In a video published on the brand’s Instagram channel, Vice-President Jeff Kiesel revealed that the company had recently received a cease-and-desist letter from Gibson regarding Kiesel’s Ultra-V model and apparent similarities to the Flying V.
Kiesel goes on to claim that, “their trademark was fulfilled in 1995; our model came out [under the Carvin name] in 1986.”
Kiesel continues, “I named the Ultra V, so I think it was about ’86 when it came out - I was seven years old, so it’s a really special model to me.
“To have those bozos try to tell us we can’t make it any more when it looks literally nothing like it... I mean, come on guys, look at the pointed body, look at the bevel on it: does that look anything like their V?”
It’s worth noting that Gibson had its Flying V trademark appeal rejected in an EU court last July. It remains to be seen how it fares in the US.

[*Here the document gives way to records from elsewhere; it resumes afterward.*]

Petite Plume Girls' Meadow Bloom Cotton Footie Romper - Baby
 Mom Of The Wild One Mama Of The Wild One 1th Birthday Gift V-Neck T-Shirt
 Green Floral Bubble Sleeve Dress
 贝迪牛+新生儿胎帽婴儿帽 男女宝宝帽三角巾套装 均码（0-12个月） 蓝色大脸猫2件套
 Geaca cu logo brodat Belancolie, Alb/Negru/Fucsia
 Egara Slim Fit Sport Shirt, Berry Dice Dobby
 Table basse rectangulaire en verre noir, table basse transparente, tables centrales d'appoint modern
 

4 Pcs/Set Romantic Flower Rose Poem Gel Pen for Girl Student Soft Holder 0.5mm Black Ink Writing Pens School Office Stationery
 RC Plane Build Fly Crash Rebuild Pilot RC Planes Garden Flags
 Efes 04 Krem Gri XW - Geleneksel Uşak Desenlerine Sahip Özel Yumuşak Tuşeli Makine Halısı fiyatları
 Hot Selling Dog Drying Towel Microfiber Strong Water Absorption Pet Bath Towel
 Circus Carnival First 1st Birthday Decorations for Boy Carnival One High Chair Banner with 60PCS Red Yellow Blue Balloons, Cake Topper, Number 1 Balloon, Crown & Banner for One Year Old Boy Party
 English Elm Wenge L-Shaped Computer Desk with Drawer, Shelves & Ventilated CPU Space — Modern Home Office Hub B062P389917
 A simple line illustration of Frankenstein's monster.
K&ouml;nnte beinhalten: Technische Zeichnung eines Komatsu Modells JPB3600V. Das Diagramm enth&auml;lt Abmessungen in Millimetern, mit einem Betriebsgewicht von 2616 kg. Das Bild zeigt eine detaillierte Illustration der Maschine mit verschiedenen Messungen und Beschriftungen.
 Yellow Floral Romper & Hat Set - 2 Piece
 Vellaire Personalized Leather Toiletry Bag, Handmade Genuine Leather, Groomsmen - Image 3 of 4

Kiesel later spoke to The Guitologist YouTube channel, where he revealed that Gibson has also issued a cease and desist over the company’s CS6 California Single, which was released in 2006.
As Kiesel notes, the California Single was launched following the ruling in the landmark 2005 PRS vs Gibson case, which saw a victory for PRS and its Singlecut design.
As for what the company does next, Kiesel is undaunted.
“We have to give a letter back to them, but we’ll let them know that, ‘Hey, if you need to go ahead and sue us, that’s okay,’ he explains.
“It’s not a battle they’re going to win, and we’re not gonna back down. Because, at the end of the day, we have logic and facts behind us; they have nothing.”
Guitar World has reached out to Gibson for comment.